■ EXERCISE OBJECTIVE: In the entries that follow, the lines from the one with "Swedish Hasbeens Clogs" through the one with "Women Cotton Embroidered" are the ones to write out, exactly and with both ends included. Nothing else should appear.

■ DATA UNDER STUDY:
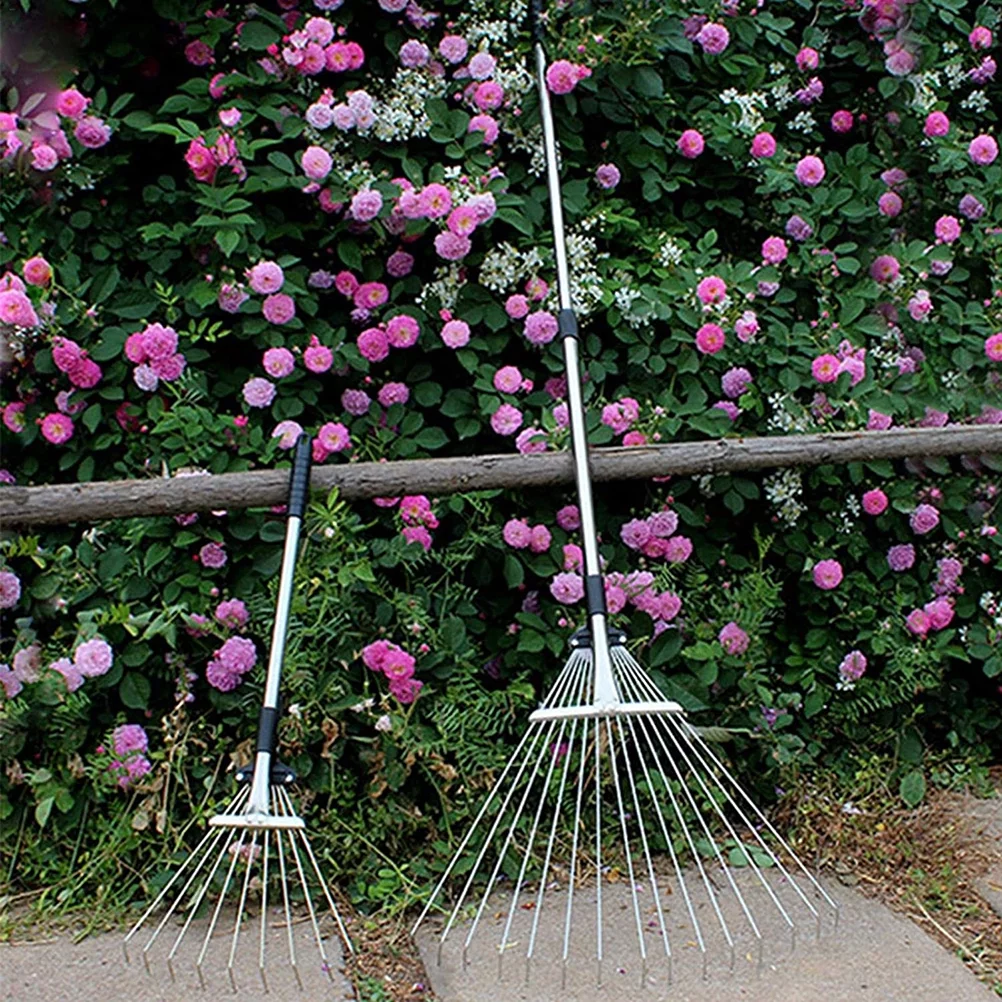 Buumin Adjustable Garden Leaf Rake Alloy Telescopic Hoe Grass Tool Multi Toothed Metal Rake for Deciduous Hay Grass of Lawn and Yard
---
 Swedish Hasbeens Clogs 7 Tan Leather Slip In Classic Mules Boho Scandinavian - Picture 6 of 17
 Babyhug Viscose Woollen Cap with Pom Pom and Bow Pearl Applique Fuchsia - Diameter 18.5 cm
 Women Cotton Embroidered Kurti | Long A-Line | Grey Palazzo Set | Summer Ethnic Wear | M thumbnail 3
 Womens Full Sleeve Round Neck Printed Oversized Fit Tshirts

■ SOLUTION:
 Swedish Hasbeens Clogs 7 Tan Leather Slip In Classic Mules Boho Scandinavian - Picture 6 of 17
 Babyhug Viscose Woollen Cap with Pom Pom and Bow Pearl Applique Fuchsia - Diameter 18.5 cm
 Women Cotton Embroidered Kurti | Long A-Line | Grey Palazzo Set | Summer Ethnic Wear | M thumbnail 3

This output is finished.